● TO DO: A word-for-word copy of the data, with no images, is the required answer.

● RAW DATA:
§
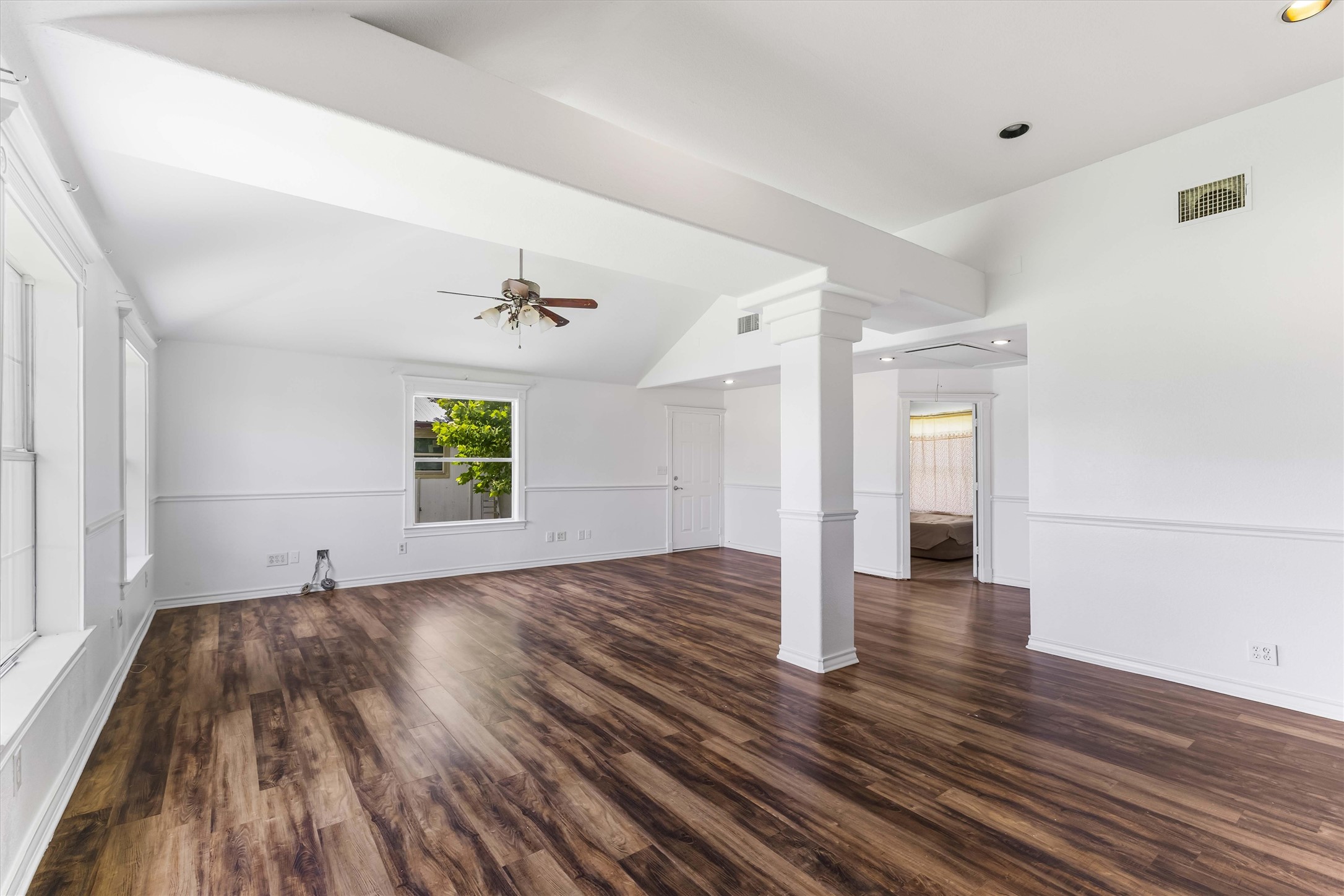 12212 Ballerstedt Road Elgin, TX 78621 - Photo 6 of 39 Unfurnished living room featuring dark wood-type flooring, a ceiling fan, vaulted ceiling, recessed lighting, and ornate columns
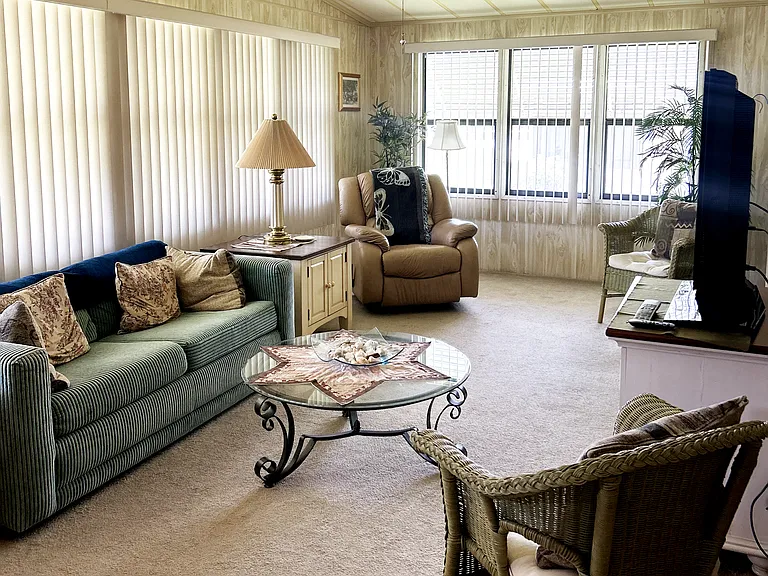 Large Living Room with second pullout couch, recliner, tv, and wet bar.
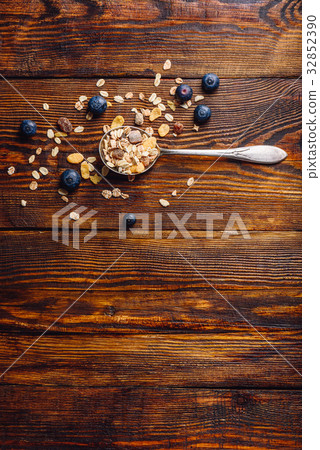 Spoonful of Granola and Blueberry. Spoonful of Granola and Blueberry. 32852390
§
● SOLUTION TO THIS EXERCISE:
 12212 Ballerstedt Road Elgin, TX 78621 - Photo 6 of 39 Unfurnished living room featuring dark wood-type flooring, a ceiling fan, vaulted ceiling, recessed lighting, and ornate columns
 Large Living Room with second pullout couch, recliner, tv, and wet bar.
 Spoonful of Granola and Blueberry. Spoonful of Granola and Blueberry. 32852390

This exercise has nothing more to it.